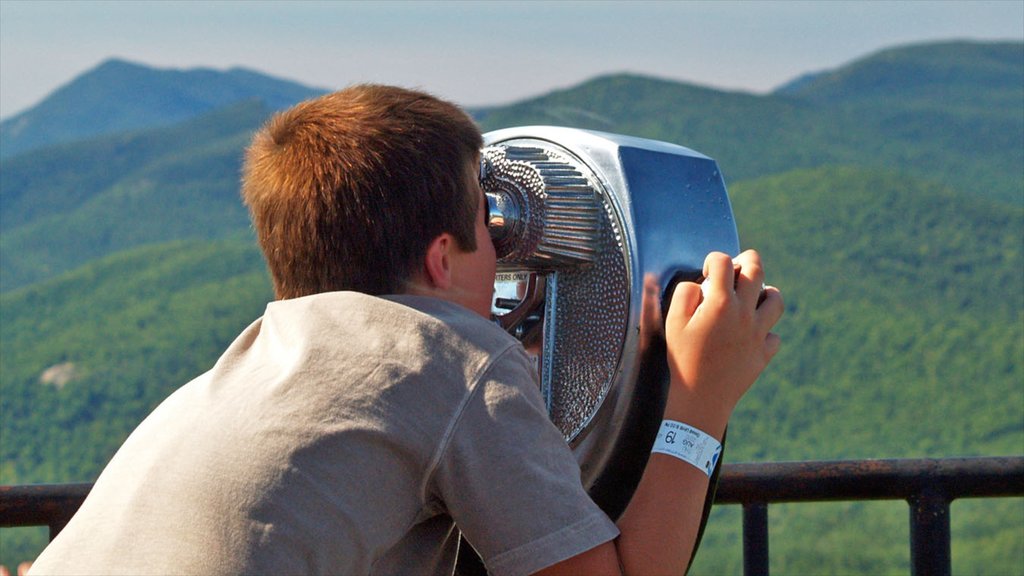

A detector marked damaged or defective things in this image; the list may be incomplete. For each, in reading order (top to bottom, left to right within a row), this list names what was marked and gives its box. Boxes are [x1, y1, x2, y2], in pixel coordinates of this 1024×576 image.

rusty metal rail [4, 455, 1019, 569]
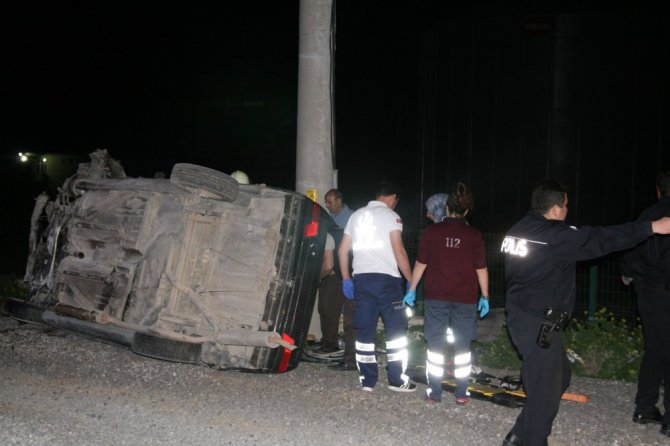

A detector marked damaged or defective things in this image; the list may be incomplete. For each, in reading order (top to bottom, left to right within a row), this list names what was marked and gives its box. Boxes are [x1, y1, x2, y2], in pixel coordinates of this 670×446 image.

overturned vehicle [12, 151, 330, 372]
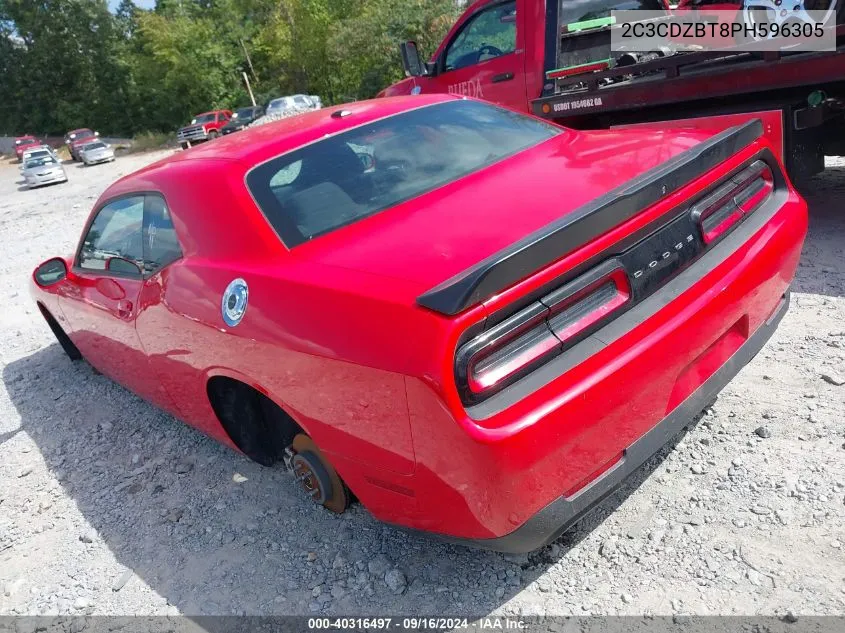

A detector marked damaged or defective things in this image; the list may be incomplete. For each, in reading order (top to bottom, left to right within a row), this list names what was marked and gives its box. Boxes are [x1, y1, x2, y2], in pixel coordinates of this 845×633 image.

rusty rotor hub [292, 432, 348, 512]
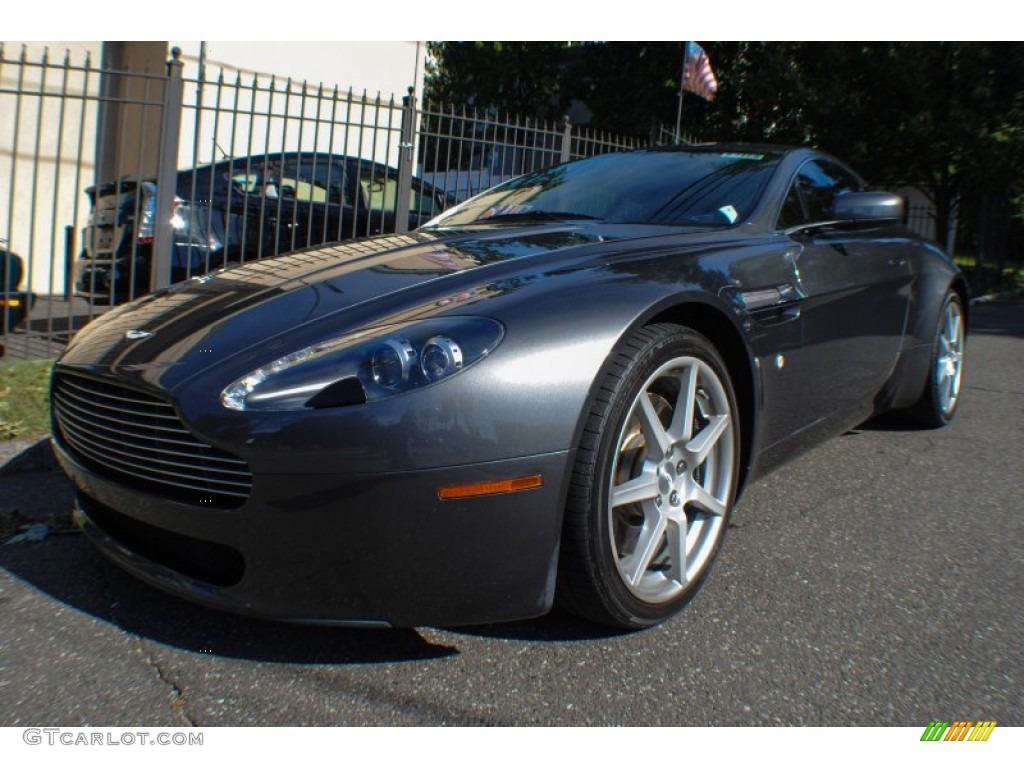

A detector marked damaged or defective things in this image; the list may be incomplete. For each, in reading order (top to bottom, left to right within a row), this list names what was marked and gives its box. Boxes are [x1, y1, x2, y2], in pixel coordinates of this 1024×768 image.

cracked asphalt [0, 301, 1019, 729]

•••

→ Problem description
Nothing but the pictures should be left out when the listing above is transcribed.

→ Problem solution
A detector marked damaged or defective things in this image; the list may be incomplete. For each, in reading order (top to bottom, left to right within a row), this list names what was marked and gives its box. Boxes are [x1, y1, x2, y2], in pixel coordinates of this 1024×576 image.

rusty metal rail [4, 455, 1019, 569]

A detector marked damaged or defective things in this image; the list may be incomplete. For each, in reading order (top to bottom, left to right within a row), this list names what was marked and gives its box. Boxes are [x1, y1, x2, y2], in pixel coordinates of this 670×446 image.

overturned vehicle [12, 151, 330, 372]

A detector marked damaged or defective things in this image; the list may be incomplete. For each, in reading order (top to bottom, left to right within a row), this list names what was marked and gives its box. Boxes are [x1, y1, x2, y2], in pixel coordinates of this 845×633 image.

rusty rotor hub [292, 432, 348, 512]

A detector marked damaged or defective things in this image; the list may be incomplete. For each, in reading order (top to bottom, left to right within a row), this list names what was marked and gives its box. Boxes are [x1, y1, x2, y2], in pixel coordinates of this 1024×768 image.

cracked asphalt [0, 301, 1019, 729]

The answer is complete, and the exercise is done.